[Collection entries]
=== Section Start ===
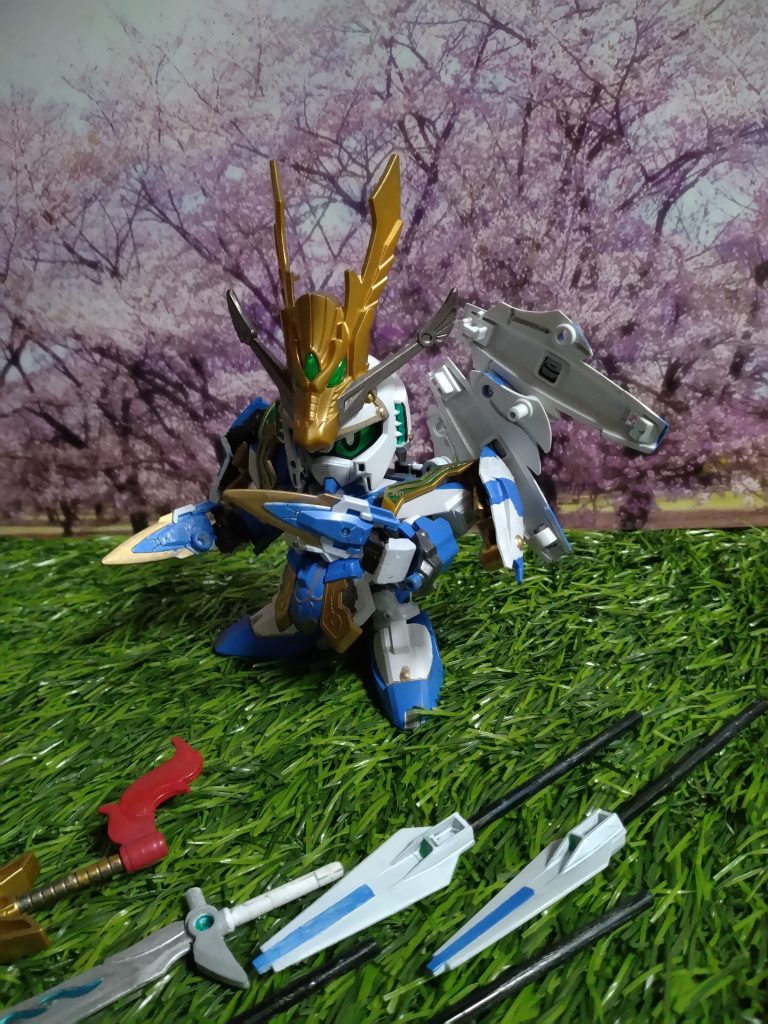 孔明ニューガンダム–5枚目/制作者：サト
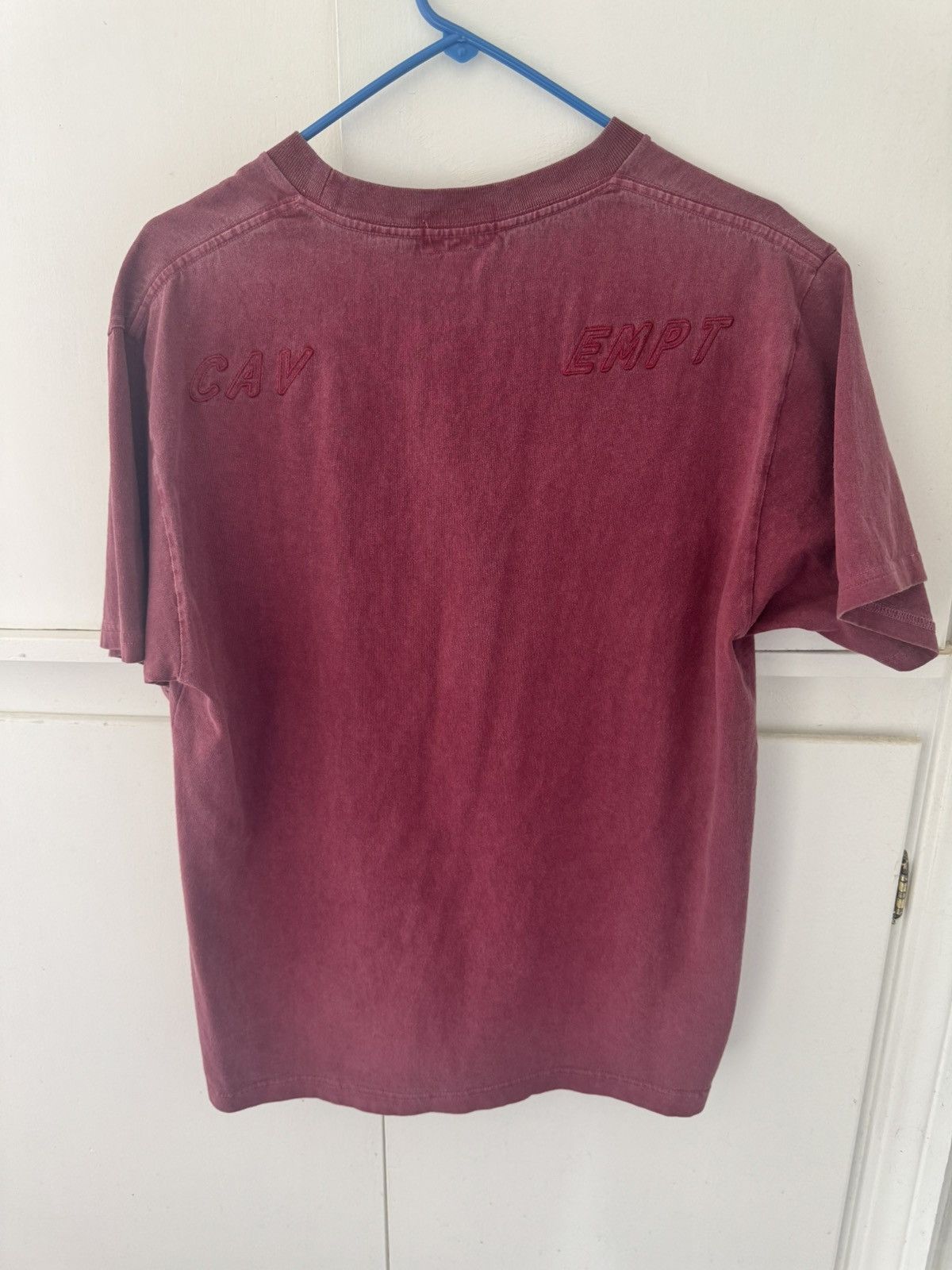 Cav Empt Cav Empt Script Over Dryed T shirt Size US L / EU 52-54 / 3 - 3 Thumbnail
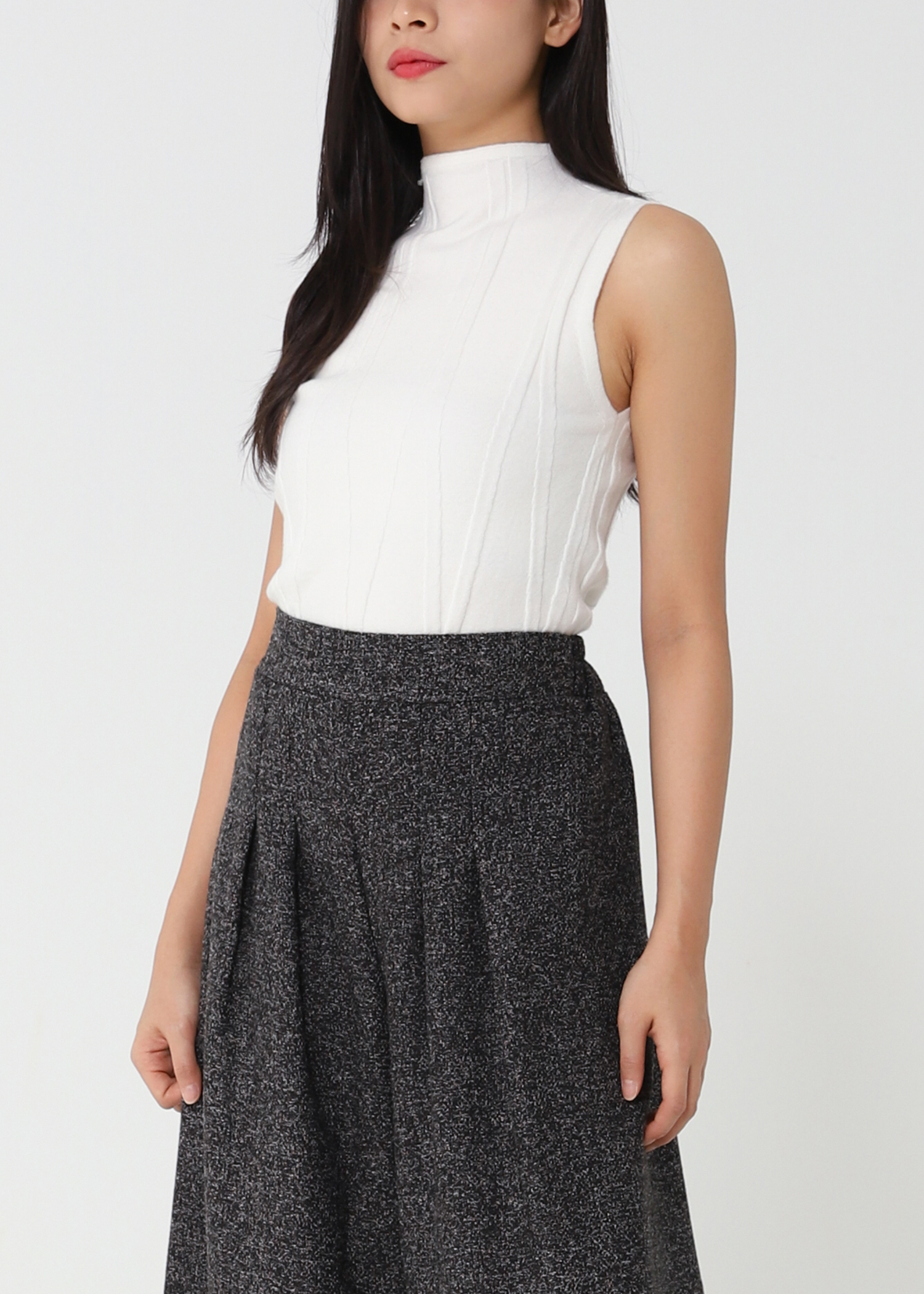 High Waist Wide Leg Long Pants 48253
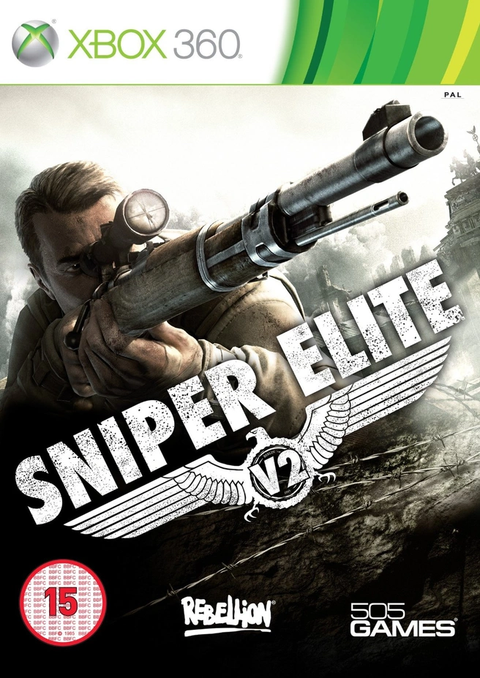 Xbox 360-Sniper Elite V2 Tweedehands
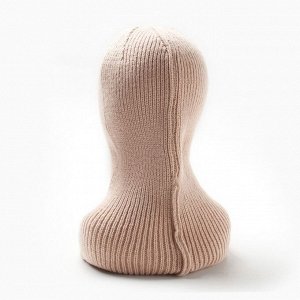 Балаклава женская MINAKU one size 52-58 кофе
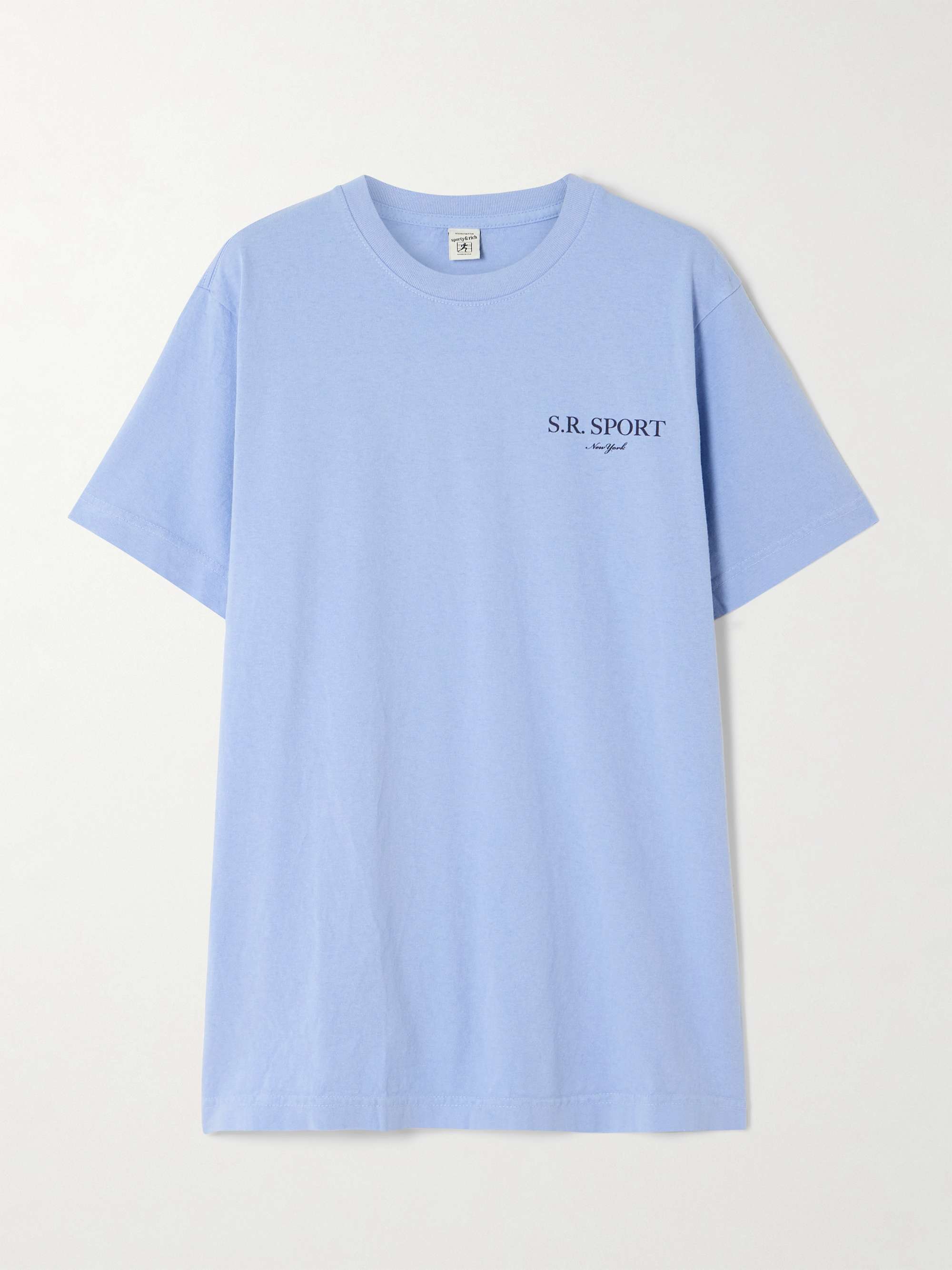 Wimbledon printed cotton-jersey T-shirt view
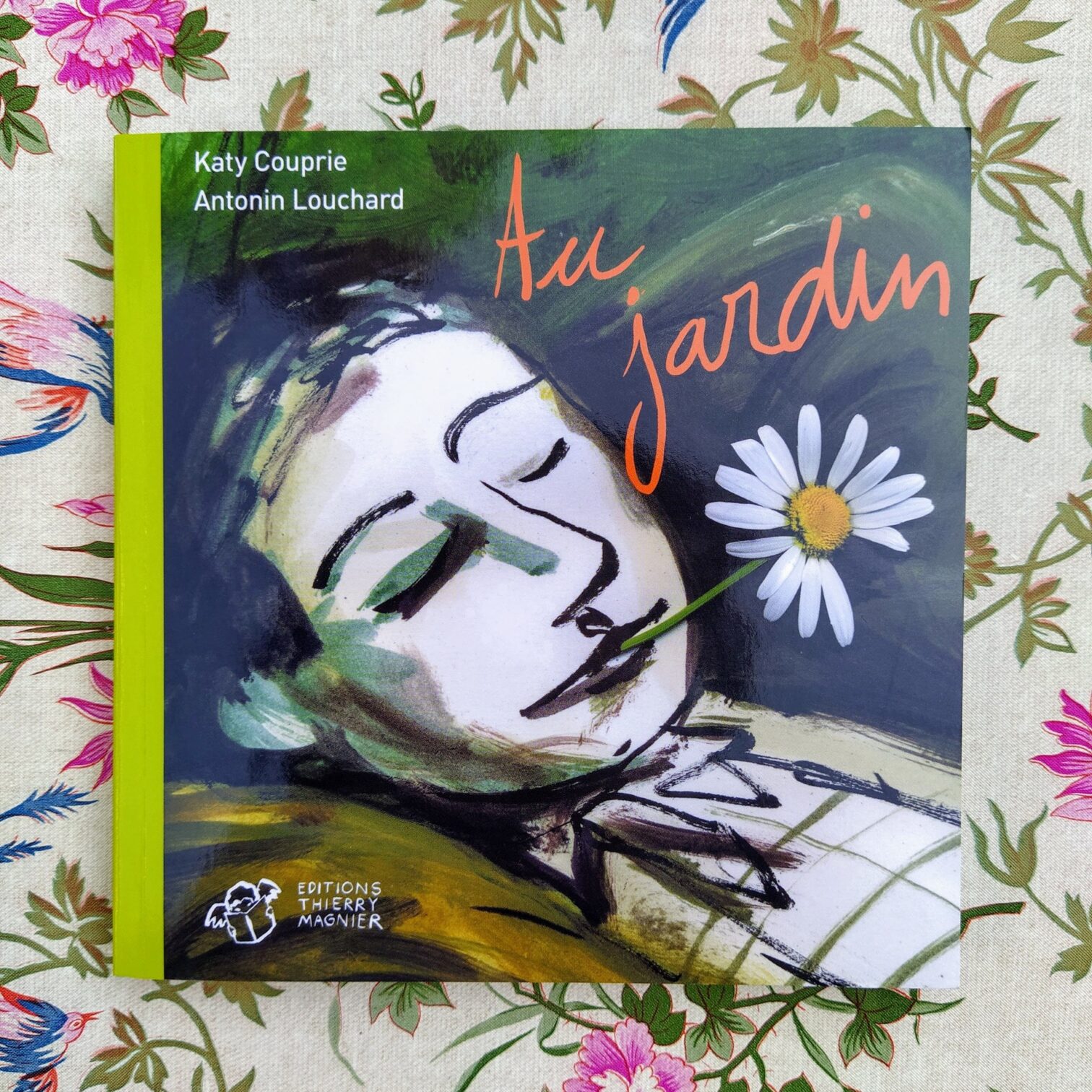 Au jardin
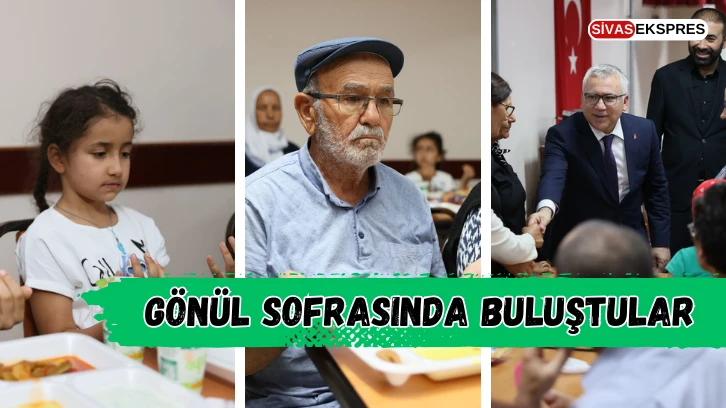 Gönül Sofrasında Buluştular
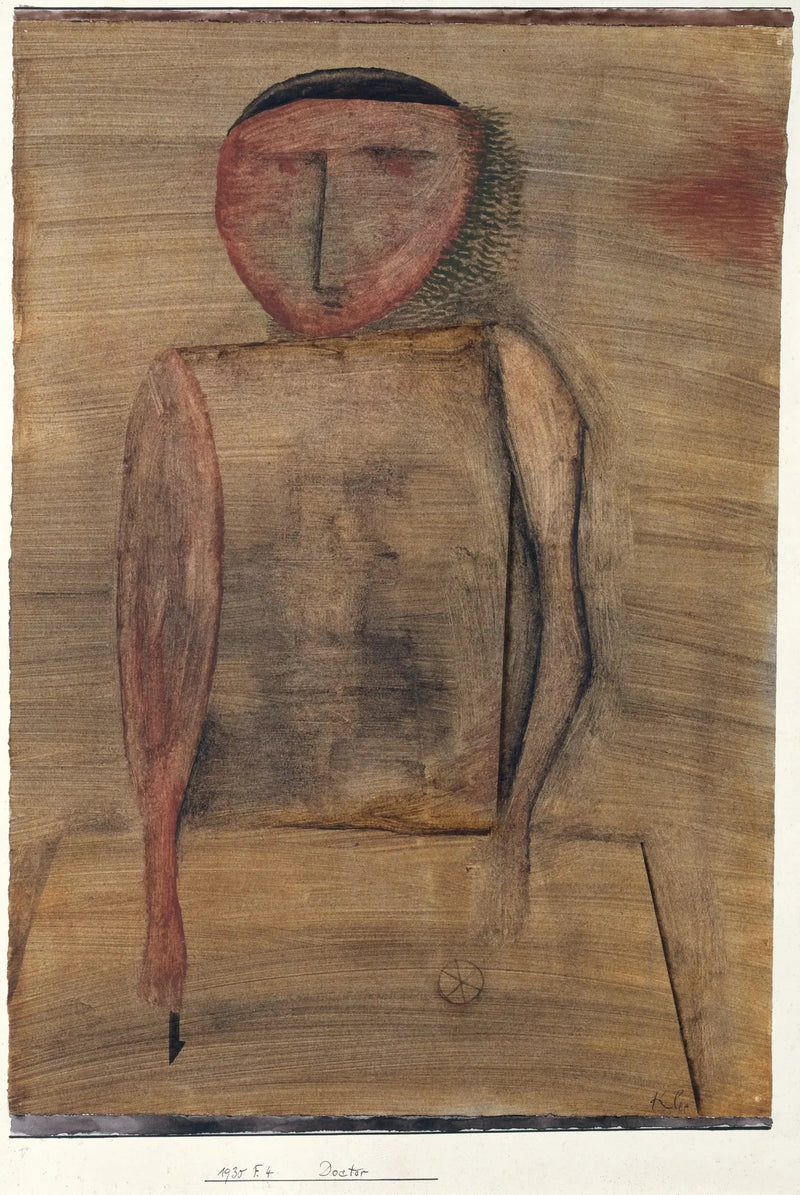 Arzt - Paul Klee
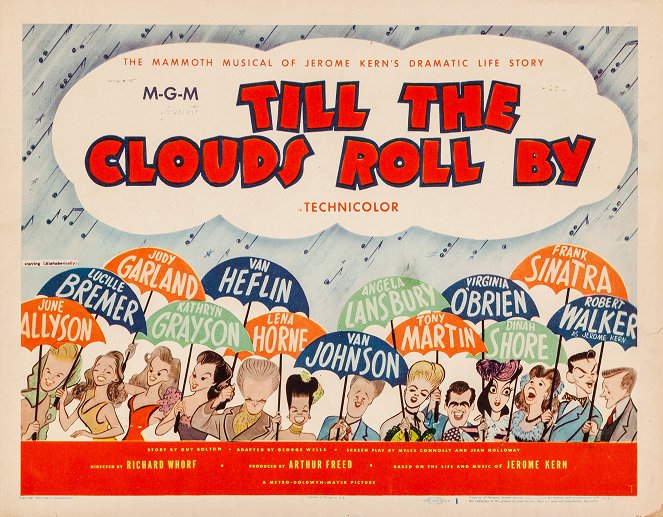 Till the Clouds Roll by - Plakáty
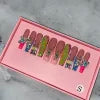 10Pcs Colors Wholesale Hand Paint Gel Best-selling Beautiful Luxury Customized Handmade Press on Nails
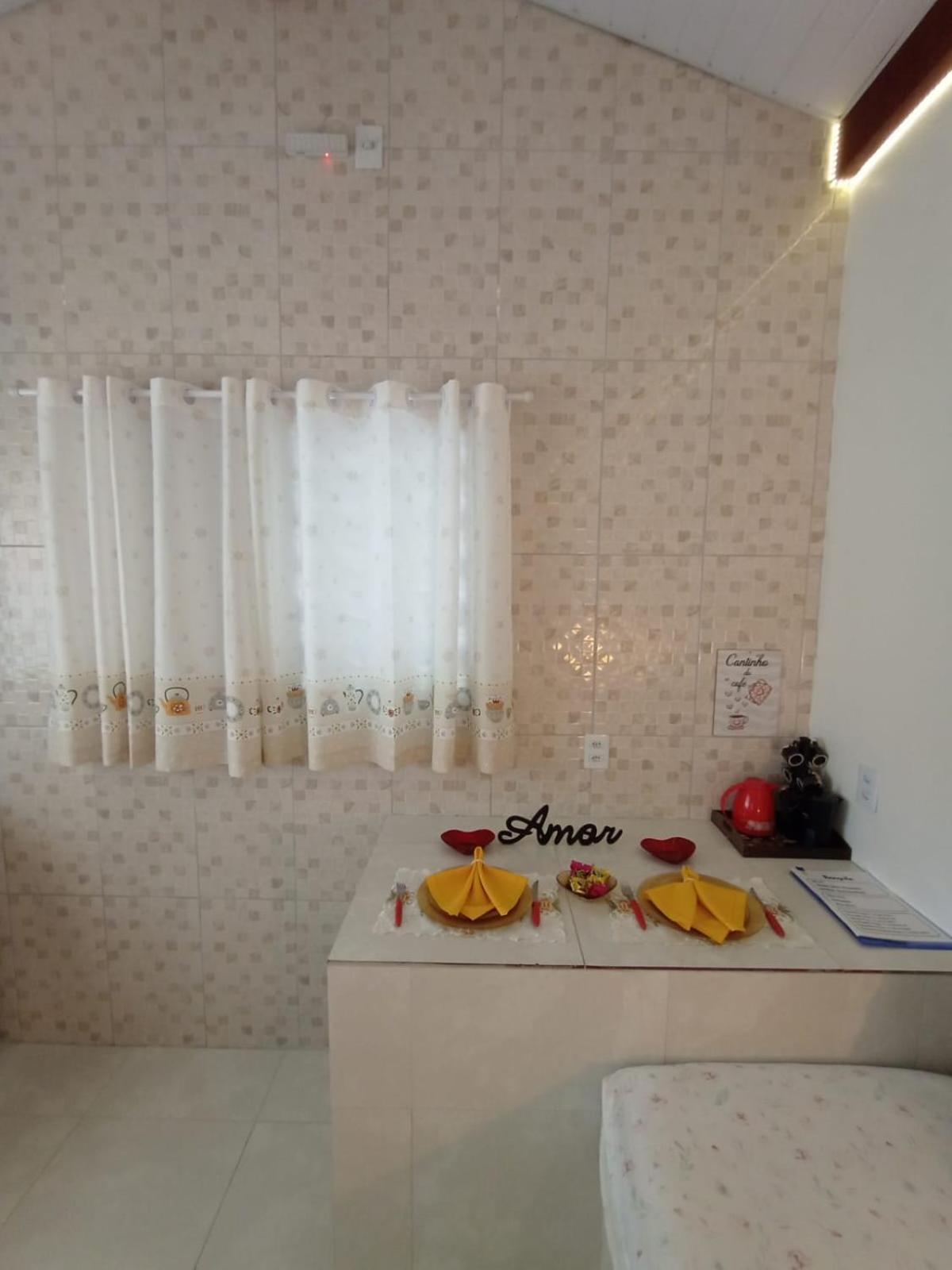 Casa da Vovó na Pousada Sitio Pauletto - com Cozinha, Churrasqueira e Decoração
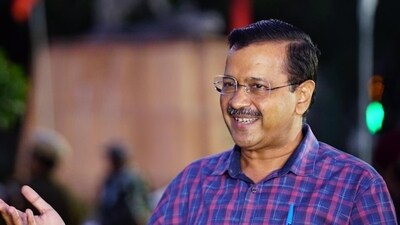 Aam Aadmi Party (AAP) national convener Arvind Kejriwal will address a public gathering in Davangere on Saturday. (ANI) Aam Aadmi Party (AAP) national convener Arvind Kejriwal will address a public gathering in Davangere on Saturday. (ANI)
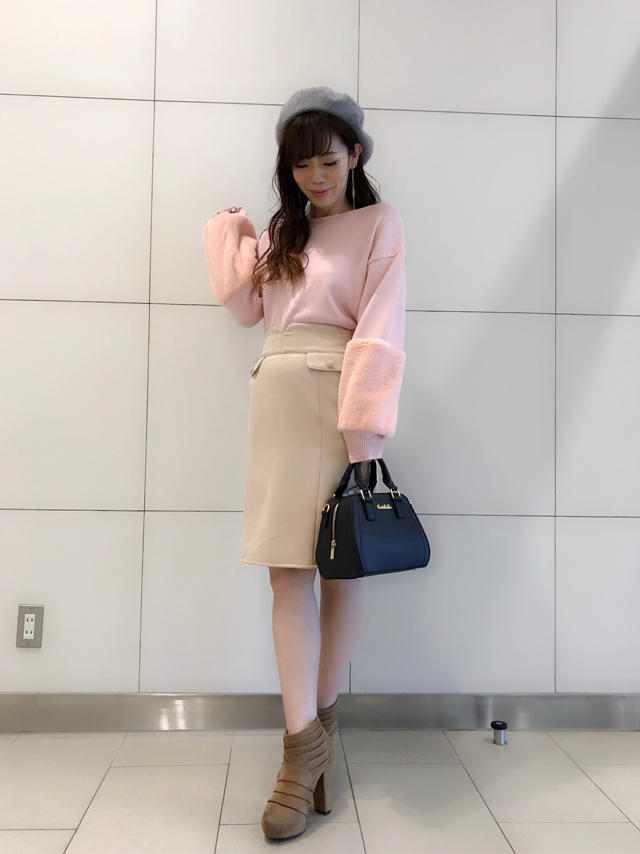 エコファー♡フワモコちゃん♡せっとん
=== Section End ===
> **What to do**: From the line with "Gönül Sofrasında Buluştular" to the last line above, restate each line word for word, but skip the pictures.

> **Problem solution**:
 Gönül Sofrasında Buluştular
 Arzt - Paul Klee
 Till the Clouds Roll by - Plakáty
 10Pcs Colors Wholesale Hand Paint Gel Best-selling Beautiful Luxury Customized Handmade Press on Nails
 Casa da Vovó na Pousada Sitio Pauletto - com Cozinha, Churrasqueira e Decoração
 Aam Aadmi Party (AAP) national convener Arvind Kejriwal will address a public gathering in Davangere on Saturday. (ANI) Aam Aadmi Party (AAP) national convener Arvind Kejriwal will address a public gathering in Davangere on Saturday. (ANI)
 エコファー♡フワモコちゃん♡せっとん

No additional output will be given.